"Time travel has not yet been invented. But thirty years from now, it will have been. It will be instantly outlawed, used only in secret by only the largest criminal organizations. It's nearly impossible to dispose of a body in the future... So when these criminal organizations in the future need someone gone, they use specialized assassins in our present called "Loopers." And so, my employers in the future nab the target, they zap them back to me… He appears… and I do the necessaries. Collect my silver…" This sums up the complex time travel premise that is Looper. This sci-fi, time travel action film written and directed by Rian Johnson. In mid-21st century, 2044. Joe is employed as a "looper", a hitman who executes victims sent back from 30 years in the future, when time travel has been invented and controlled by organized crime. When his older self turns up as a target, he fails to carry out the hit. Both versions of Joe go on the run and try to affect their future.
The film stars
Bruce Willis, Joseph Gordon-Levitt, and Emily Blunt.
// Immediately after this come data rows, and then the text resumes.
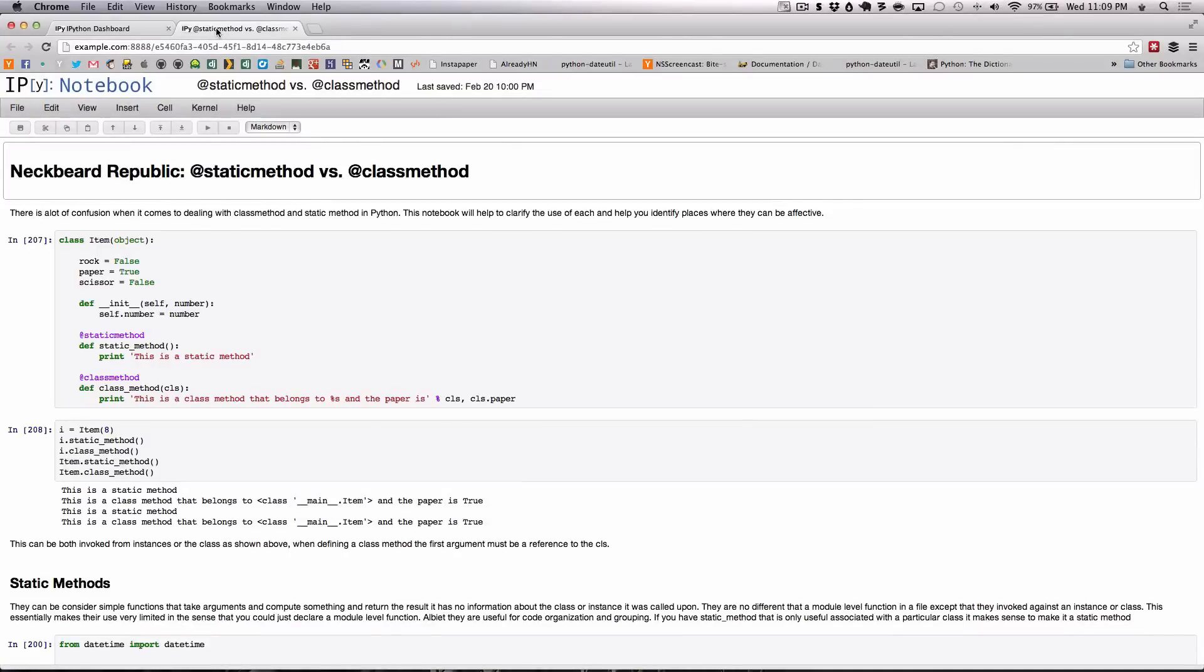In today's screencast we'll be discussing the @staticmethod and @classmethod decorators and their usage in Python. This is often a confusion point for many people coming from other languages, and we'll be explaining the difference between both and show you a few useful examples when to use each.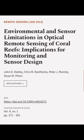This article was authored by John D. Headley, Chris M. Ralsima, Peter J. Mumby, and others.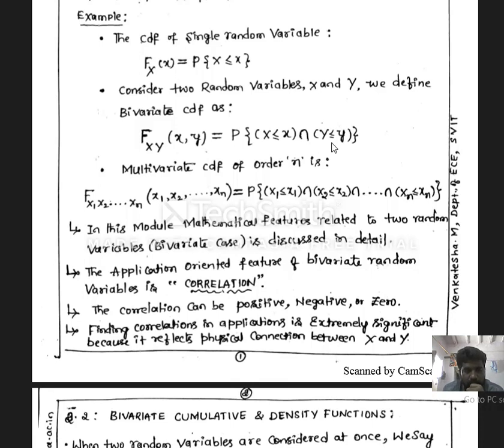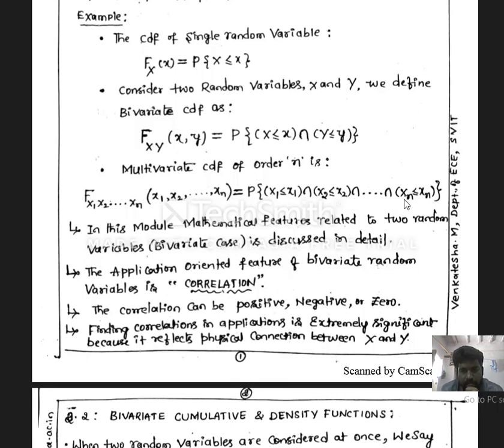In the same way, for a multivariate CDF of any order n, if we have n random variables X1 to Xn, the data is recorded as X1, X2, ..., Xn, with each data taken from each random variable at any instant of time. The notation is capital F with suffix X1, X2, ..., Xn, and within parentheses the corresponding independent variables x1, x2, ..., xn. The right-hand side is the probability of the intersection of all events: X1 ≤ x1 ∩ X2 ≤ x2 ∩ ... ∩ Xn ≤ xn.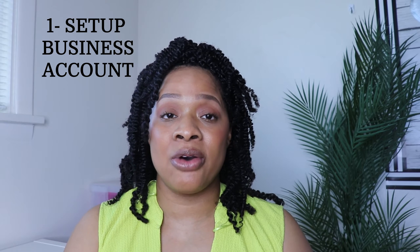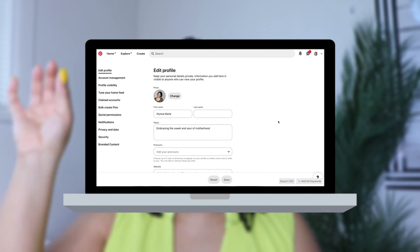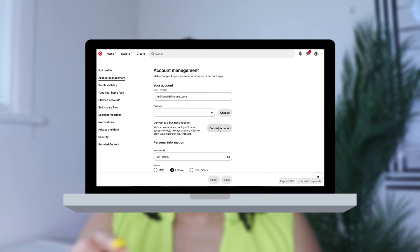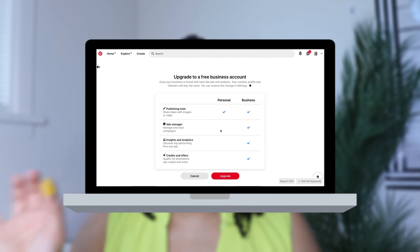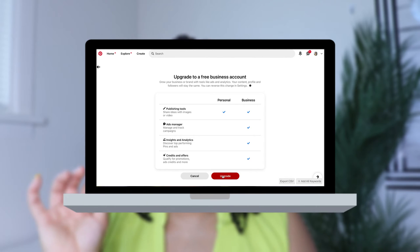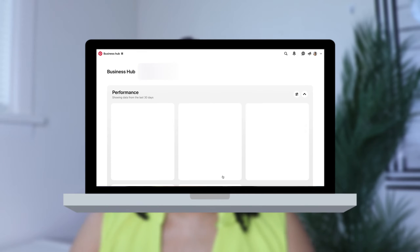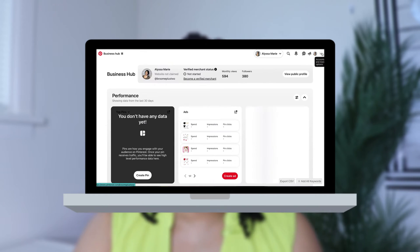So what you want to do is go to pinterest.com, set up your business account, and go to Settings, Account Management, and convert from personal to business. It's that simple once you sign up. Fill in the information about your business. If you have a website, put in your website here and claim it.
The performances in the
film were all spectacular. I was mostly impressed with the performances
of Joseph Gordon-Levitt and Bruce Willis as the younger and older
versions of Joe. Gordon-Levitt had to put up with the effects make-over which
turns him into an acceptable younger version of Bruce Willis. He also did
an incredible job of not imitating Willis from his Die Hard films. He depicted the kind of callous, incipiently
sensitive young hitman who might grow up to be the battered baldie Bruce
Willis. But if you had time travel and could cast a young Bruce Willis in
this, you would still give the role to Gordon-Levitt, whose collaboration
with Johnson is becoming a regular and noteworthy team equivalent to Nolan and
Bale, Fincher and Pitt and Burton and Depp.